Strong heroines and riveting storytelling are the hallmarks of groundbreaking fantasy author Kate Elliott (Crown of Stars, Crossroads). Her long-awaited first collection showcases twenty years of her finest work. Captured here are many of Elliott’s previously out-of-print tales, four previously unpublished essays, and a brand new Crossroads story, “On the Dying Winds of the Old Year and the Birthing Winds of the New.”
Elliott’s bold adventuresses, complex quests, noble sacrifices, and hard-won victories shine in classic, compact legends. In “The Memory of Peace,” a girl’s powerful emotions rouse the magic of a city devastated by war. Meeting in “The Queen’s Garden,” two princesses unite to protect their kingdom from the blind ambition of their corrupted father. While “Riding the Shore of the River of Death” a chieftain’s daughter finds an unlikely ally on her path to self-determination.
Elliott’s many readers, as well as fantasy fans in search of powerful stories featuring well-drawn female characters, will revel in this unique gathering of truly memorable tales.

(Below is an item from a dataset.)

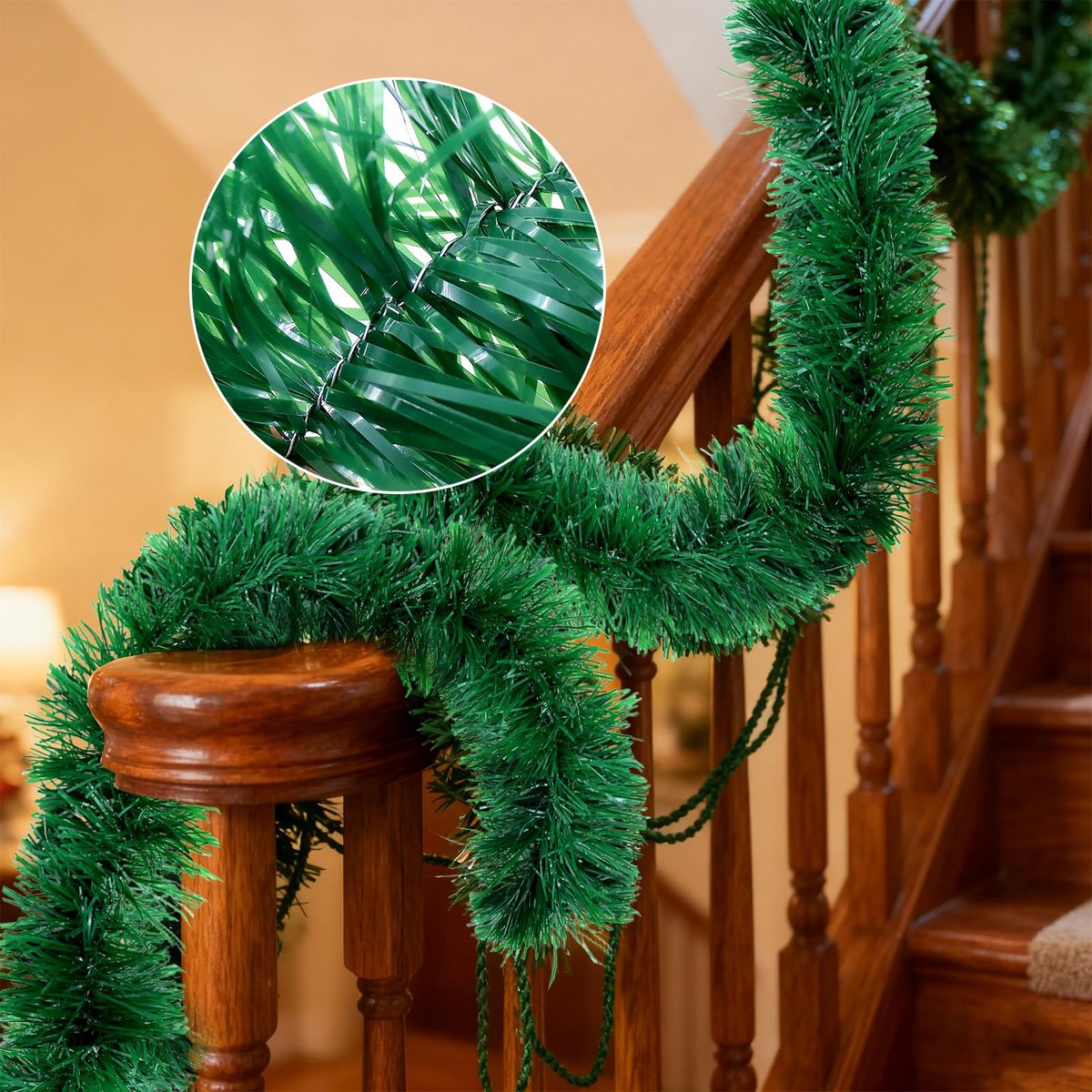 Dennenslinger 15 m, groene slinger voor kerstdecoratie, outdoor, indoor, bruiloft, feest, kransen, decoraties (breedte 9 cm)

Kate Elliott’s Crown of Stars series remains one of my favourite series ever. It’s got all the drama and sweepingness you might hope for in an epic fantasy setting, but with more than your average, garden-variety western medieval setting and world-building. It took me a while to start the series – I think Elliott was up to book four at the time – but once I did I couldn’t wait for the next instalment to come out. I’d always wanted to read more by Elliott, but somehow never got around to it. Going into her backlist seemed risky, because availability in the Netherlands was always a gamble – mind you, this was before I started ordering books of the internet – and with her latest completed series there were all the review copies that meant I never got around to buying them. All of this is a rather lengthy way of explaining why there was much rejoicing at Casa Librarian when I was approved for a review copy on Netgalley for Elliott’s short fiction collect The Very Best of Kate Elliott.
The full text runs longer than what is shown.